**Assigned task**
Give an exact reproduction of the lines from the one with "Sandales UGG FUNKETTE" to the final line of the entries below, both ends included, and omit the pictures.

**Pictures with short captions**
● ● ● ● ● ● ●
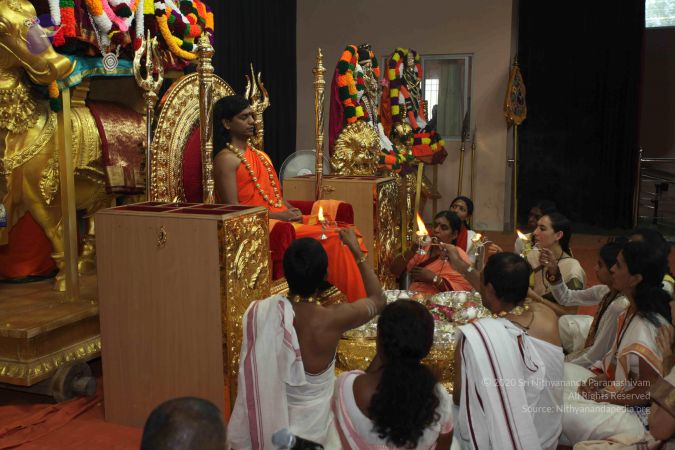 20101112 Photo 1447 1GPw-R0cNs0Fjp3-l8NWk8oLGY-krEH7u.JPG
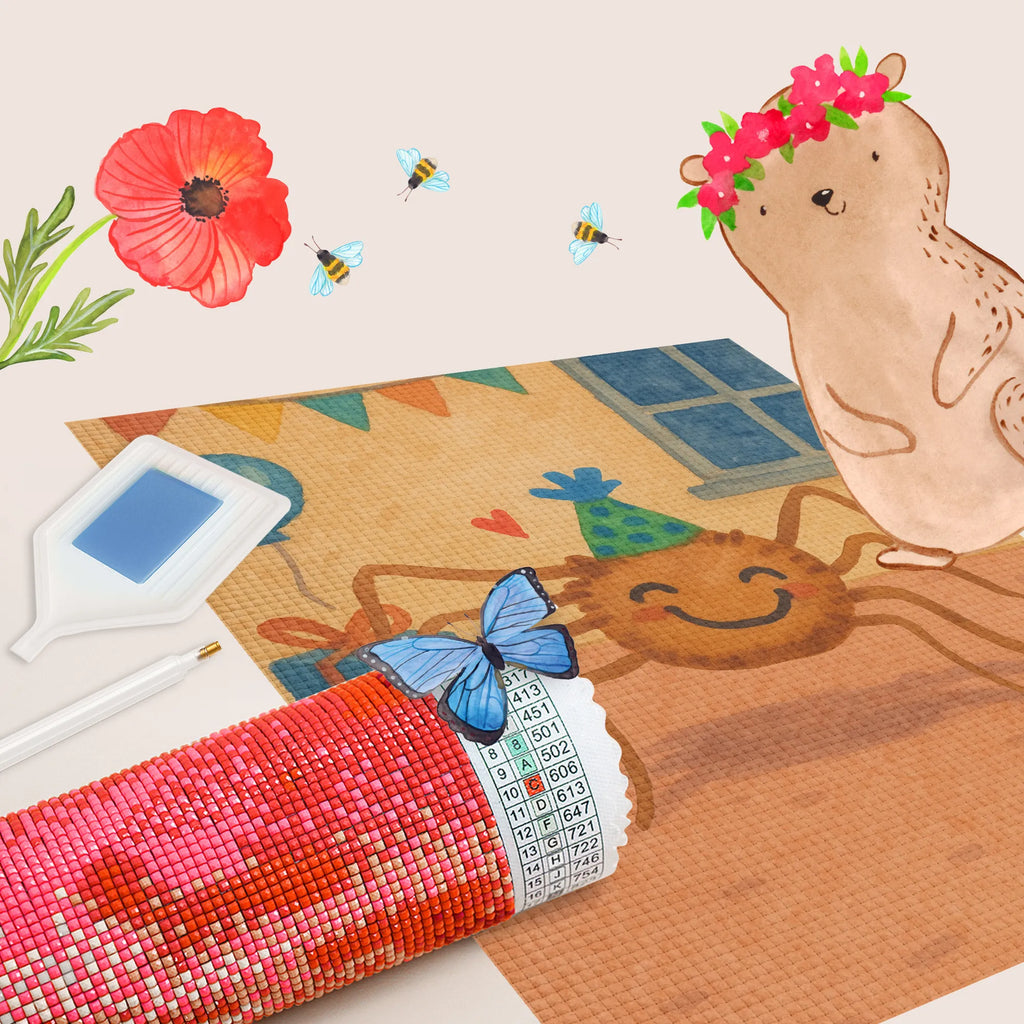 Diamond Painting Spider Agathe Party Design Kristallbild, Diamond Painting Für Erwachsene, Diamond Painting Blumen, Diamond Painting Anfänger Set, Diamond Painting Zubehör, Diamond Painting Porträt, Diamond Painting Pinzette, Diamond Painting Kit, DIY Strass Bild, Diamond Painting Set, Diamond Painting Puzzle, Diamond Painting Quadratbohrer, Diamant Malerei, Diamond Painting Bohrer, Diamond Painting Landschaft, Diamond Painting Tray, Diamond Painting Full Drill, Diamond Painting Werkzeuge, Diamond Painting Deko, Diamond Painting Muster, Diamond Painting Klassisch, Diamond Painting Geschenkidee, Diamant Stickerei, Diamond Painting Profi Set, Strass Malerei, Diamond Painting Tablett, Diamond Painting Schablone, Diamond Painting Für Kinder, Diamond Painting Schlüsselanhänger, Diamond Painting, Diamond Painting Rundbohrer, Rhinestone Painting, Diamond Painting Tiere, DIY Diamond Painting, Diamond Painting Modern, 5D Diamant Malerei, Diamond Art, Diamant Bild, Diamant Mosaik, Diamond Painting Partial Drill, Diamond Painting Leinwand, Diamond Painting Motive, Spinne Agathe, Spinne, Agathe, Videos, Merchandise, Selbstliebe, Motivation, Wunder, Glück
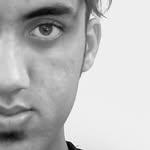 omar_daryanavard - @omar_daryanavard1 - Instagram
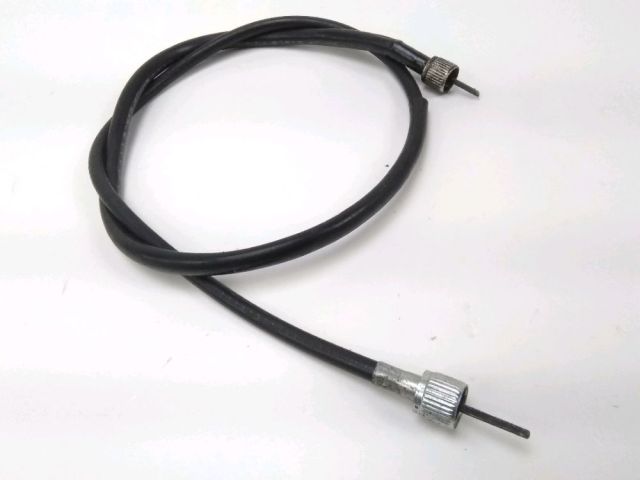 Cable compteur occasion JM MOTORS SUNNY 2017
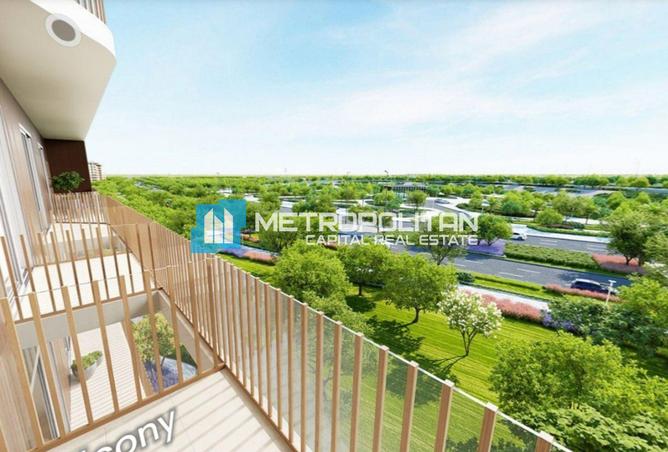 67432290 - صورة العقار 3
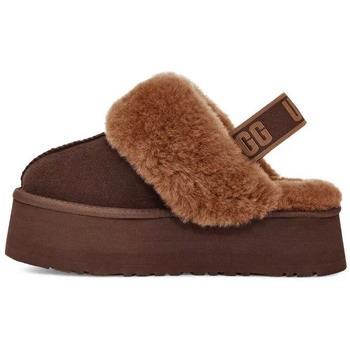 Sandales UGG FUNKETTE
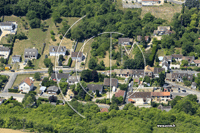 Photos de Saint-Martin-du-Tertre (les Tombelles)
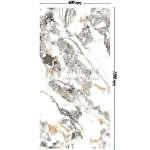 Corchia-Gold-T2231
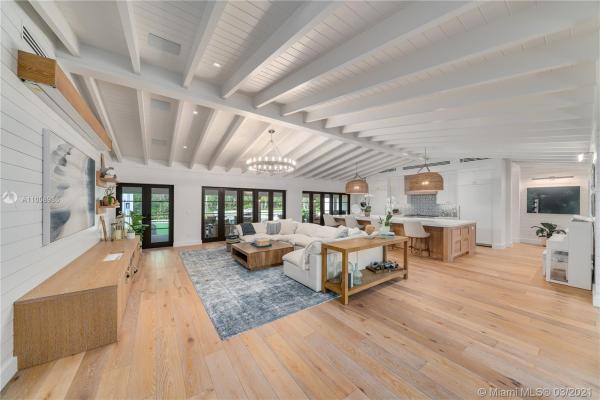 Melnor Estates, 7101 SW 66th St, Glenvar Heights, Florida 33143, image 2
● ● ● ● ● ● ●
**Solved exercise**
 Sandales UGG FUNKETTE
 Photos de Saint-Martin-du-Tertre (les Tombelles)
 Corchia-Gold-T2231
 Melnor Estates, 7101 SW 66th St, Glenvar Heights, Florida 33143, image 2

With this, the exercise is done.